Come Christmas, I know it will change again with the birth of this precious child.
First smiles. First steps. First words.
It just keeps getting better and better.
Friday, 5 June 2009
On moving with a toddler
Ah, moving with a toddler. Now there was an interesting experience.
The drive was about 35 hours long. I did it in three days when I moved to Ottawa originally, but I didn't have a two year old and a couple cats in the backseat, so we gave ourselves four days and said we'd stop when we needed to each night.
Surprisingly, though, we didn't need the four days. The little guy did amazing on the trip. We made it 10 hours on the first day. He fell asleep just before we were about to stop for the night on the second day, so we kept going, making it 15 hours that day. Another 10 hour push and we were home. He was pretty fed up by the last three hours of the trip, but unfortunately for all of us there was literally nowhere to stop! Ah, northern living. Fun stuff.
Honestly, I think the toddler did better than the cats. They were unhappy felines the entire trip. They refused to get out of the car to use the litter box or have food and water every time we stopped, so they went each long day with full bladders and empty stomachs. Lucky for them, they decided the hotel washrooms were an acceptable place to relieve and refuel themselves each night.

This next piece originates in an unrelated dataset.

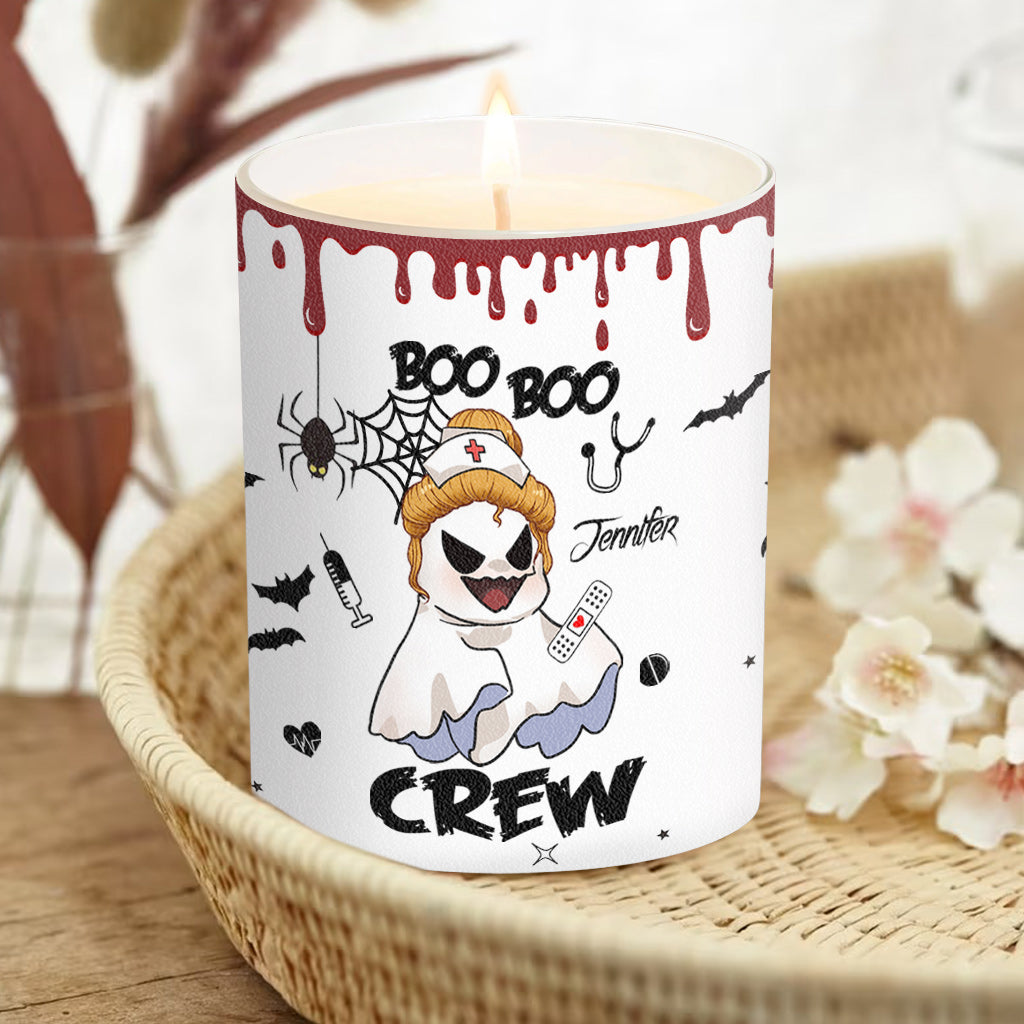 Boo Boo Crew - Personalized Nurse Candle With Wooden Lid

Just after leaving Ottawa, there were a few brief moments of "oh my, how are we going to survive this trip" when first one cat started meowing, and then the other – and then the toddler joined in. We both groaned at that point, with visions of 35 hours worth of three meowing voices. Fortunately, he lost interest in imitating the cats within a bearable span of time. The cats themselves kept it up for much longer (and received many a grumbled threat from my husband about leaving them on the side of the road to fend for themselves in the wild), but we're here, so we must have survived.
We had talked often with the little guy about our upcoming move in the month prior to it. We talked about saying goodbye to this house, driving to a new house, and seeing Grandma and Grandpa and all his aunties. He seemed to understand and he handled all of the changes with amazing calmness. The hardest part has been his repeated requests for two of his friends, Luke and "Liah" (Eliah). How do you tell a little boy that he'll never see his friends again, or at least not for a few years? So far he hasn't found any little friends to play with here, either, other than his four aunties (the youngest being only eight years old) – and even if he did, he'd only have to say goodbye to them again when we move to Vancouver in the fall. That is always the hardest part about moving, though - having to say goodbye to so many of the people you care about.

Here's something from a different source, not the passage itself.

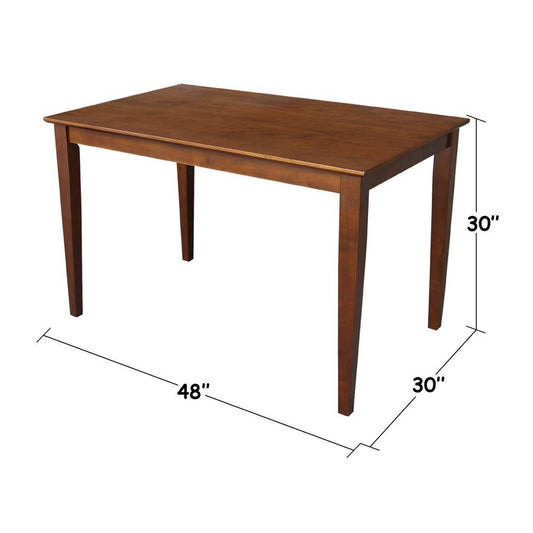 International Concepts - Solid Wood Top Table - Shaker Legs in Espresso Finish - K581-3048-30S view 2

The brightest spot, on the other hand, was coming home to family. It has been such a blessing to see the little guy really getting to know his grandparents and aunties. I grin every single time I hear his excited squeal of "GAMPA!!!" when he sees us turn in his grandpa's driveway. It just melts my heart. I've been enjoying spending time with the oldest of my little sisters (she's 23 now), and, of course, with the rest of my family. It will be hard to say goodbye in the fall. While we don't have family in Vancouver itself, my in-laws are all in the area and, I'm sure, itching to visit whenever they can. I know Jacob will miss "Gampa" and all the rest horribly, but he loves his Opa and Oma and two aunties too. Hopefully we will be able to see them often.
And then, come Christmas, he'll have a new little brother or sister to get to know. How blessed we are.

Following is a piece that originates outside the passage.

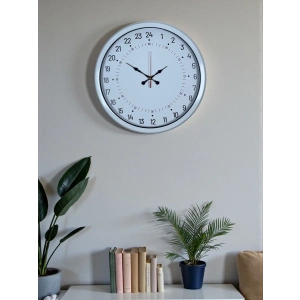 Beyaz 40 Cm Metal 24 Saat Göstergeli Özel Tasarım Duvar Saati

We are so happy with our new home here. It's hard to believe we were paying slightly more rent for our little condo back in Ottawa as we are for this three bedroom, two level house now. It sits on four acres of land and is just outside of town, about a 10 minute drive to my workplace. Country living has been wonderful. With both of us being introverts, the extra privacy and quietness is great, and our huge yard has gotten lots of use already. There are little shoes filled with sand from the sandbox, sweatshirts that smell of woodsmoke from the firepit, a freshly dug garden, and lots of land and forest to explore. We will miss it when it's time to leave.
We won't miss, though, the hard smelly water and the painfully s l o w Internet connection. You can't have it all, I suppose.
But how blessed we are to have so much.
Thursday, 21 May 2009
When everything changes
Bad blogger. Bad, bad, neglectful blogger. Shame on me.
Ah, but where to start. I'll have to stick to the short version, because the long version would simply be too, well, long.
First, we've moved halfway across the country. We're back in northern Manitoba, the same tiny little town my husband and I met and grew up in. Quite the experience, being back here again – but that would be the long version. Suffice it to say that the boy is loving having his "gampa", "gamma", and four aunties around to give him lots of attention, and we're loving the big beautiful house we're renting for the same price as our little condo back in the city. Oh, and we've dug up and are ready to plant our very first vegetable garden.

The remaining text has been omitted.